While AI agents show a lot of promise, they are still a relatively new type of system with several challenges, such as:

  • Data privacy concerns: AI agents often require access to vast amounts of data, including sensitive personal information. This raises concerns about data privacy and security.

  • Technical complexities: Developing and deploying AI agents requires advanced technical expertise, including knowledge of AI, machine learning, and software engineering.

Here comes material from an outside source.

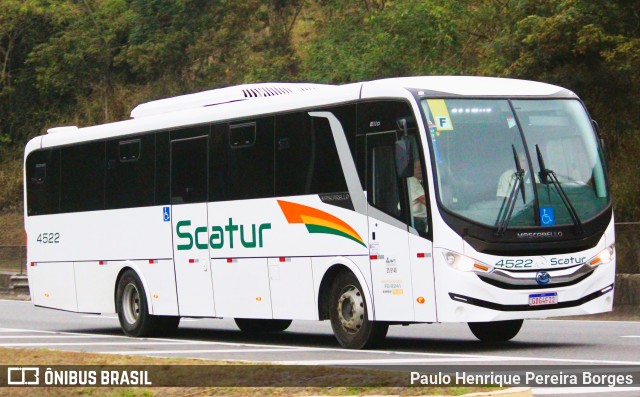 Scatur 4522 na cidade de Piraí, Rio de Janeiro, Brasil, por Paulo Henrique Pereira Borges. ID da foto: 10674943.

  • Adaptability in unforeseen circumstances: AI agents are often designed for specific tasks or environments. They may struggle to generalize or adapt to new, unforeseen scenarios without significant retraining or reconfiguration.

  • Limited compute resources: AI agents, particularly those that rely on complex models like deep learning, require substantial computational resources, including processing power, memory, and storage.

  • Ethical concerns: AI agents can inadvertently perpetuate or even amplify biases present in the data they are trained on. Additionally, their decision-making processes may lack transparency, leading to ethical concerns.

What's next?

As we move forward, we’re seeing more and more compound AI systems, especially agentic ones. For simpler, well-defined problems, a programmatic approach might still suffice. However, agentic systems offer better adaptability and efficiency for more complex tasks. We’re still in the early days of AI agents, but the progress is rapid. Combining system design with agentic behavior allows us to create powerful tools that can handle various tasks. And while human oversight is still important for now, the accuracy and capabilities of these agents are continually improving.